*Source material*:

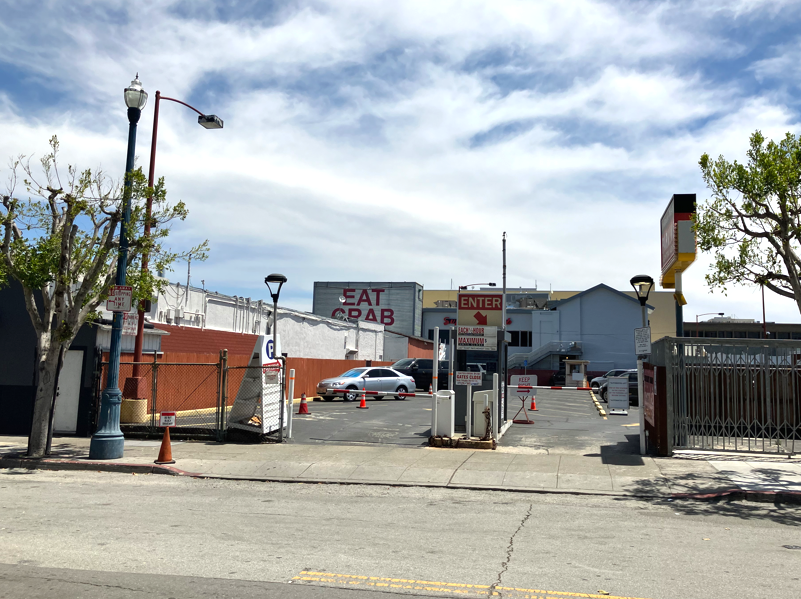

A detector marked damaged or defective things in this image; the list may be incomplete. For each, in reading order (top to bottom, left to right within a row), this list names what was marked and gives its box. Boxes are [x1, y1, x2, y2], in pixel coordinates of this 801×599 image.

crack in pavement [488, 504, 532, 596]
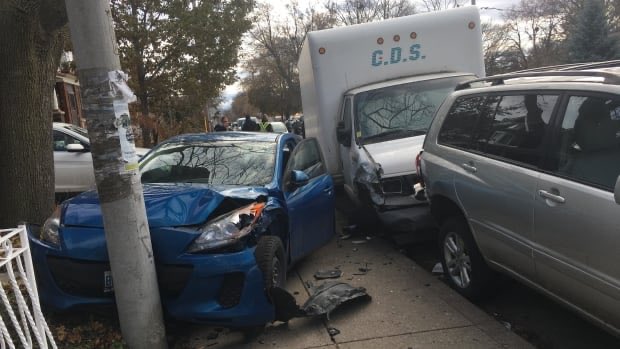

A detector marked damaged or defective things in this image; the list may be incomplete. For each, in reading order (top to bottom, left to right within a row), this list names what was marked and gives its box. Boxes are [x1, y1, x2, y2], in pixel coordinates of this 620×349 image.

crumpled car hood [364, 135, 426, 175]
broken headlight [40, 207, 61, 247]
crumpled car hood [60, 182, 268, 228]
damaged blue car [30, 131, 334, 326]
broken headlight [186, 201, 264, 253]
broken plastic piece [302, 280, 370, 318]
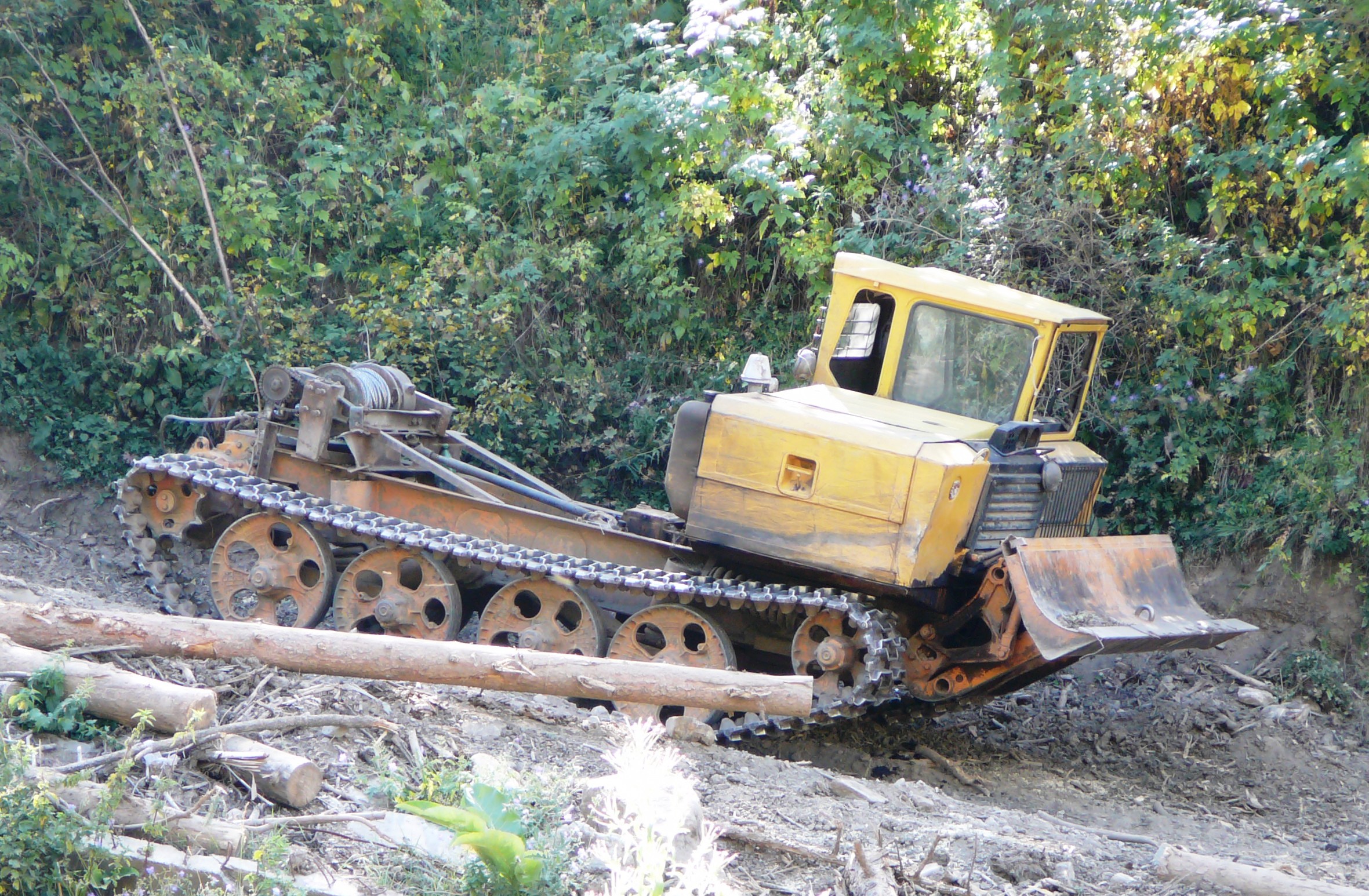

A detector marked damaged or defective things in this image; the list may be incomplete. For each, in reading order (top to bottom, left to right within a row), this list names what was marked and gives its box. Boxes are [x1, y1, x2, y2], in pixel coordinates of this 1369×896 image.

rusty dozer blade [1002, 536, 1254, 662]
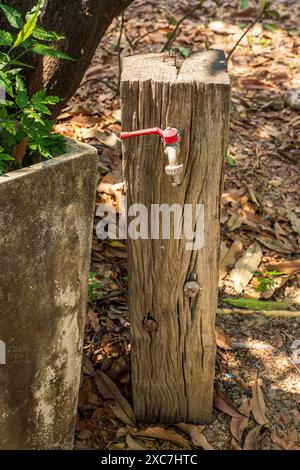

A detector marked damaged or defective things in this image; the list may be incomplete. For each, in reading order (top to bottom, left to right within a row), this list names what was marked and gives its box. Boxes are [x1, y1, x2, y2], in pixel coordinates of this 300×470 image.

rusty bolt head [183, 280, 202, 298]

*Task instructions*:
Your task is to repeat only the lines from the line containing "this 620×349 image." through the final line of the material, inclusive; do not include pictures.

*Solution to this exercise*:
A detector marked damaged or defective things in this image; the list may be incomplete. For each, in reading order (top to bottom, left to right within a row), this list names what was marked and gives its box. Boxes are [x1, y1, x2, y2], in pixel coordinates of this 620×349 image.

crumpled car hood [364, 135, 426, 175]
broken headlight [40, 207, 61, 247]
crumpled car hood [60, 182, 268, 228]
damaged blue car [30, 131, 334, 326]
broken headlight [186, 201, 264, 253]
broken plastic piece [302, 280, 370, 318]

A detector marked damaged or defective things in this image; the list may be incomplete. For each, in reading order (top to bottom, left to right within a row), this list names what was marked and gives its box. Boxes are [x1, y1, x2, y2], in pixel coordinates of this 1369×896 image.

rusty dozer blade [1002, 536, 1254, 662]

A detector marked damaged or defective things in this image; the list may be incomplete. For each, in reading order (top to bottom, left to right within a row), this list names what was marked and gives its box. Boxes are [x1, y1, x2, y2], in pixel coordinates of this 300×470 image.

rusty bolt head [183, 280, 202, 298]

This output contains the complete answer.